For the broader masses, the paint is applied thickly and dragged off the brush by the existing paint layers more so than painted on directly. This enables a hit and miss coverage that leaves natural looking random gaps so that the lower shade values show through.
This brush technique needs to be executed carefully ith the brush laid almost flat against the painting surface, making minimal contact.
For the thinner elements and highlights, thicker paint is laid on by dabbing and/or twisting the tip of smaller brushes so as to work the paint on to the surface.

FINAL STEP
To bring the painting to completion, all the little interesting bits and high chroma highlights are added with small flat and round brushes plus a rigger and a small fan.
The red flowers tints are various mixes of Winsor Red and Cadmium Yellow Light with Titanium White put on with very thick dabs of paint from the tip of a small round brush. The stems are placed with the flat edge of a palette knife. Using the knife like a stamp enables fine vibrant lines to be placed directly onto wet paint, a task which can be very difficult using a brush. This is a very useful technique that may need some practice first before attempting on a painting if you haven’t done it before.
The fan brush is used to create some textured “busy” areas of tangled twigs and leaves. A few extra sticks can be placed across the foliage and into the sky with the edge of the knife and some dark brown mix.
At this stage the painting could look like a group of unrelated objects sitting beside each other across the painting rather than a unified whole. To bring it all together so that everything seems related to everything else and a sense of harmony is achieved, we need to add a common element.
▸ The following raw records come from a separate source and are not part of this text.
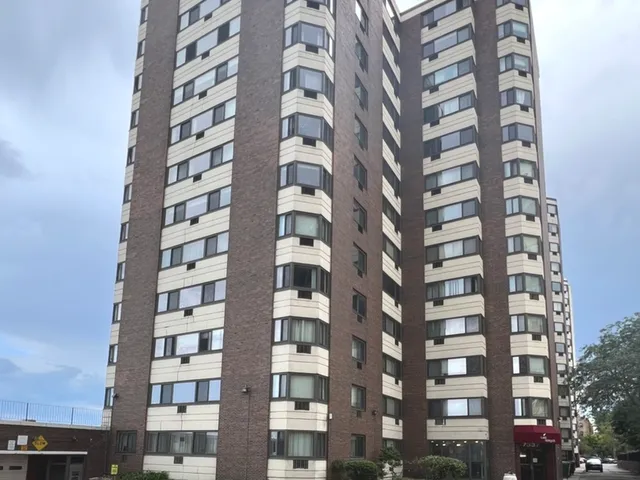 $60,000 | 7337 South South Shore Drive, Unit 904, Chicago, IL 60649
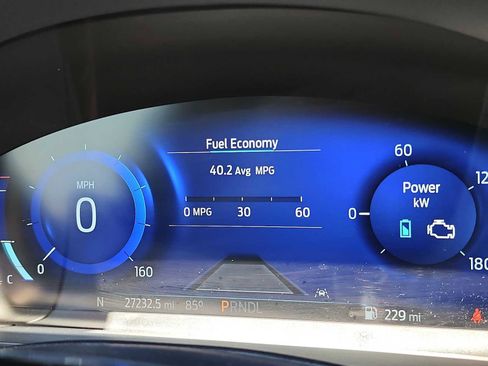 Used 2022 Ford Escape Titanium image 22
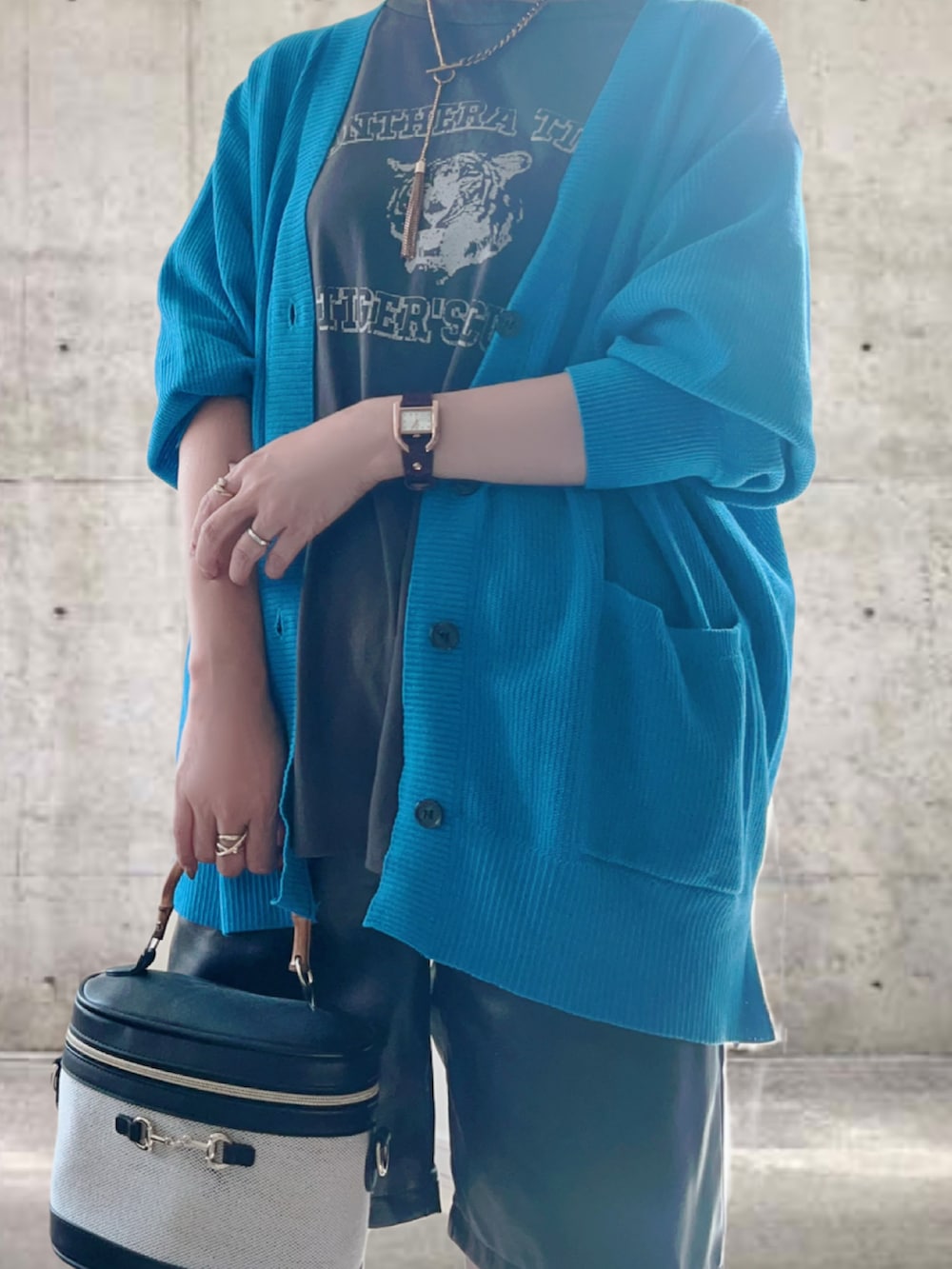 ブルー系のカーディガン/ボレロ、グレー系のTシャツ/カットソー、ブラック系のその他パンツを着用したレディースの秋コーディネートの2枚目の写真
This is done with greys. Mix two mid value greys, one warm tending towards red yellow, and one cool tending towards blue green. They should be close in colour and almost colour neutral but still easily discernible from each other. Now sprinkle little dabs of those two greys around all over the foliage areas, popping them into little gaps and over similar value greens. Use them to cover up untidy bits. Don’t overdo it and don’t put them in the deep darks areas or over highlights. Stick to mid value areas.
Using these greys will tie everything together and subdue any tendency for the painting to start appearing too “chocolate box” pretty.
Before finishing, the foreground earth details need to be put in. Mix tints of mauve/brown by adding some white and yellow to purple. These are for the shadows and are brushed in directly. For the sunlit areas of ground, mix tints of orange and paint those on directly too. Add a touch of purple to reduce the strength of the oranges and more white and yellow for the strongest highlights. Take care to mould the ground shadows to the left of the highlighted mounds so as to achieve a sense of light coming in strongly from the right.
Finally, the rock is painted in directly over a dark brown base using slightly lighter tints of the ground shadow mauves and that completes the painting.